A first centrifugal pump 2 is arranged between the fermentation liquor storage tank 1 and the first horizontal spiral centrifuge 3, a second centrifugal pump 5 is arranged between the first slurry mixing tank 4 and the second horizontal spiral centrifuge 7, a third centrifugal pump 9 is arranged between the second slurry mixing tank 8 and the plate-and-frame filter press 10, and the first horizontal spiral centrifuge 3 and the second horizontal spiral centrifuge 7 are both connected with a mother liquor tank 6.

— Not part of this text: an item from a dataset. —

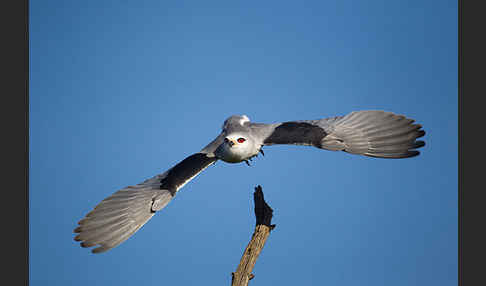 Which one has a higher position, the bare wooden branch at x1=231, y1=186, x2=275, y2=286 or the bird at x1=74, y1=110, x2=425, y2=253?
the bird at x1=74, y1=110, x2=425, y2=253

A first valve 21 is arranged on a pipeline between the first horizontal screw centrifuge 3 and the first slurry mixing tank 4, a second valve 22 and a third valve 23 are arranged on a pipeline between the second horizontal screw centrifuge 7 and the second slurry mixing tank 8, a branch pipeline communicated with the screw conveyor 12 is arranged on a pipeline between the second valve 22 and the third valve 23, a fourth valve 24 is arranged on the branch pipeline, and a sampling valve 25 is arranged between the second horizontal screw centrifuge 7 and the second valve 22.
Example 1
The invention will be further described with reference to the accompanying drawings and specific embodiments so that those skilled in the art may better understand the invention, but the invention is not limited thereto.
In fig. 1, the power of the first horizontal screw centrifuge 3 is 70.5kW · h, and the power of the second horizontal screw centrifuge 7 is 37.5kW · h. The volumes of the first slurry mixing tank 4 and the second slurry mixing tank 8 are bothIs 6m3. The liquid phase mentioned in the invention mainly contains water, thallus, and also contains a small amount of other impurities and dodecanedioic acid (the long-chain diacid mentioned in the examples and comparative examples refers to C12 long-chain diacid).
In combination with the above extraction apparatus, the present invention comprises the steps of:
s1: the fermentation liquid after fermentation enters a fermentation liquid storage tank 1 under pressure, the pH value of the fermentation liquid is 7.2, the temperature is 29.5 ℃, and the volume is 180m3;
S2: primary centrifugation: conveying the fermentation liquor into a first horizontal spiral centrifuge 3 by using a first centrifugal pump 2, regulating and maintaining the rotating speed of the first horizontal spiral centrifuge 3 at 1250r/min, centrifuging to obtain a long-chain dibasic acid solid phase and a liquid phase mainly containing thalli, feeding the liquid phase into a mother liquor tank 6 through a pipeline, opening a first valve 21, and feeding the solid phase into a first slurry mixing tank 4 through a pipeline;
s3: adding water for primary size mixing: adding room temperature softened water 3m into the first size mixing tank 43After the long-chain dicarboxylic acid solid phase enters the first slurry mixing tank 4 through a pipeline, the first slurry mixing tank 4 is started to stir so that water and the long-chain dicarboxylic acid solid phase are fully mixed to form a long-chain dicarboxylic acid solid-liquid mixed material, and the long-chain dicarboxylic acid solid-liquid mixed material is continuously fed until the length of the long-chain dicarboxylic acid solid-liquid mixed material is 5m3When the material is discharged, the first valve 21 is closed to stop discharging;
the purpose of the step is as follows: and the long-chain dicarboxylic acid after the primary centrifugation is rinsed by water, so that the long-chain dicarboxylic acid, thalli and other impurities can be conveniently separated in the next step, and the second centrifugal pump 5 can conveniently convey materials.
S4: and (3) secondary centrifugation: and (3) conveying the long-chain dicarboxylic acid solid-liquid mixed material in the first slurry mixing tank 4 into a second horizontal spiral centrifugal machine 7 by using a second centrifugal pump 5, opening a first valve 21 after the solid-liquid mixed material in the slurry mixing tank is conveyed, and repeating the process of adding water and mixing slurry for one time.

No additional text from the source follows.